Annan predicted that Kenya would only need a month to resolve the immediate political crisis and a year to solve the larger issues that have lingered — and sometimes been fomented by Kenyan politicians — since independence. Yet while Odinga and Kibaki have both said they want to negotiate, neither has shown any real commitment to resolving the crisis: Kibaki insists his election as President is non-negotiable, while Odinga says he will accept nothing but a new vote.

Angry crowds of Luos and Kalenjin also squared off along a road in the tourist town of Naivasha, an hour north. The clashes in Naivasha reached a near-breaking point on Tuesday, when army helicopters fired what police said were rubber bullets into crowds of demonstrators facing off against each other along a major road. "We know very well the police are not doing their work, they are also political, they are favoring one side, they are not caring for all people," said Odinga supporter Evans Maremi.

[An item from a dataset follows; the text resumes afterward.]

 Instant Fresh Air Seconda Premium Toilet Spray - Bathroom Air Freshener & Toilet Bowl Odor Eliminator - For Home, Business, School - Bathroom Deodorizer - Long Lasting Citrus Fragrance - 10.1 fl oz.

Naivasha and the nearby city of Nakuru have seen a spate of killings in recent days as Kikuyus launched revenge attacks against people they say were responsible for attacks that killed dozens of their tribesmen further north and pushed hundreds of thousands from their homes. Those killings have changed the tenor of the violence, which the opposition initially characterized as a spontaneous surge of rage among people furious about the vote. It now appears to have devolved into simple revenge killing.

Indeed, the fear was that the violence would begin to spiral out of control into a cycle of ethnic attacks as members of Kenya's different ethnic groups act on grievances they have harbored for decades over land and the perceived inequitable distribution of resources. That, in turn, could sink Kenya's economy, whose chief engines are horticulture, tourism and tea. All three industries have been crippled.

Still, amid the violence, there was some hope that Annan's mediation could lead to a compromise at last after a month of bloodletting. The death toll is now difficult to estimate, but it is believed that some 850 people have been killed since the vote, with about 150 of them killed since Friday, when Kikuyus launched what appeared to have been revenge attacks in Nakuru. "Today our country is under serious threat of sliding into anarchy," parliamentary speaker Kenneth Marende said.

The one thing that Kenya has going for it right now, it seems, is that the world is refusing to let the crisis fade into the background. The African Union has promised to consider the issue in a summit that begins on Thursday. And the special U.N. adviser on preventing genocide, Francis Deng, has warned that Kenya's politicians could be held responsible for any violation of international law. That came just days after the New York-based Human Rights Watch released a report concluding that there was some indication that the violence had been planned beforehand, particularly in areas where Odinga is popular. "There are evidently hidden hands organizing it now," Britain's Minister for Africa Mark Malloch Brown said as he stopped in Kenya to lend London's weight to the mediation efforts. "The targeting is very specific."